There are positives, of course, there has to be and my one example is Colchester Arts Centre.
I come from Colchester. I lived there from the age of 9 to 20 and I’m still a strong supporter of the Colchester United (for my sins). One of the biggest influences of me in becoming who I am today, whatever that may be, was Colchester Arts Centre
A beautiful church that survived over a hundred years through the English civil war, the burning’s of religious martyr’s outside it's walls and worse of all goth teenager hanging out drinking snakebite in the graveyard in the 80's. I first became aware of it in my early teens while attending the first of many summer school’s called GOAT (Getting your act together). Here you would have singing lessons, drama, dance and circus skills for two weeks. Then quick auditions and a musical show all done in the third week with a couple of performances. It was brilliant and I made lifelong friends. All made possible from £30 all in from the parents.

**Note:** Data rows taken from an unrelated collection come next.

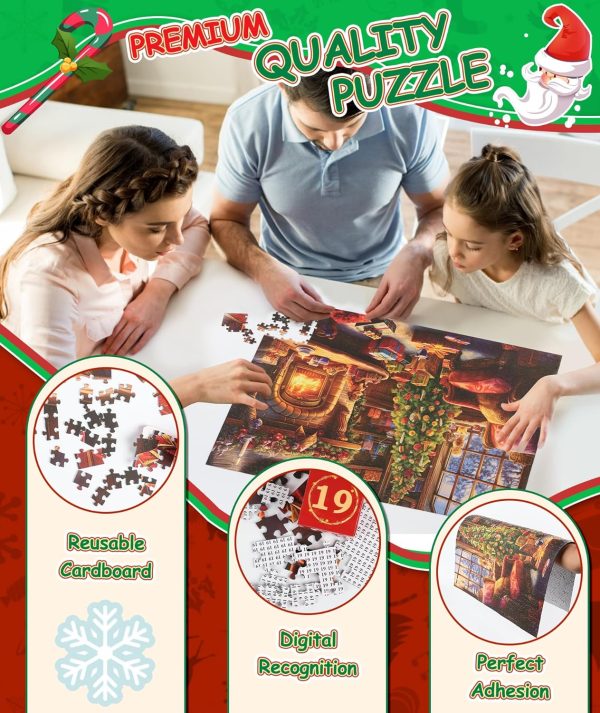 Avelena | Puzzleadvent 24 Puzzleteile Adventskalender Kalender - Zufälliges Design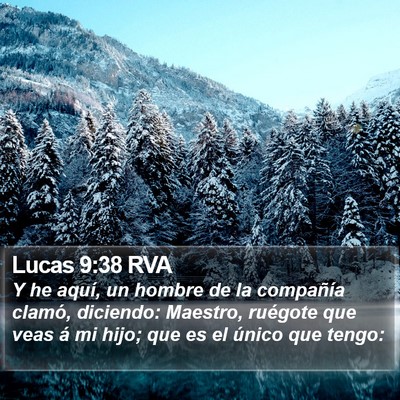Lucas 9:38 RVA Bible Verse Image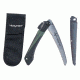 Hooyman Saws Megabite Hunters Combo W/ Bone/Wood Handsaw, Black/Green, 110143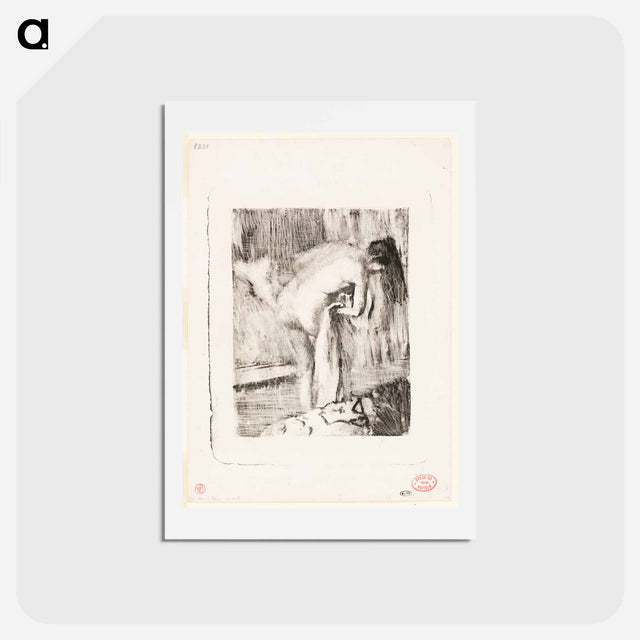 アートポストカード-After the Bath II - エドガー ドガ Postcard.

Through my late teens, I begin to hang out at the art center socially, Illegally drinking terrible alcohol in the graveyards and going to unique music events in the evenings. In sixth form college myself and local geniuses Damien Bell and Darren Gooding set up a theatre company and premiered new works there ( they are still doing excellent work ) and even ran a Comedy Impro night completely ripping off “Whose Line is it Anyway” once a month. The arts center was always welcoming to local artists and young creatives needing and recognising the importance of that vital experience at that age.
Since leaving Colchester in 1991 I have come back to the Arts Centre with other companies and with my own work over the last twenty years and it’s always like coming home. The brilliant work done by Anthony Roberts and the team is talked about throughout the country from artists in every genre. It’s a place where people love to go and perform. They provide a fascinating mixture of live events that is bold, pioneering and entertaining.
When you go with a show my experience has always been marvelous. You get a full house generally and you ego might think it’s because they’ve come to see your work, but the truth is they come to the venue because they trust it and it’s theirs. I think that relationship is a vital component going forward for every venue in the future of the arts.
They’ve just been awarded capital arts project grant and you can read about it all here. https://www.colchesterartscentre.com/news/news-categories/capital-bid-success/
Go there if you haven't and if you have been...carry on. I don't why I'm saying that because once you've gone through those doors there is no turning back. It grabs you and doesn't let go.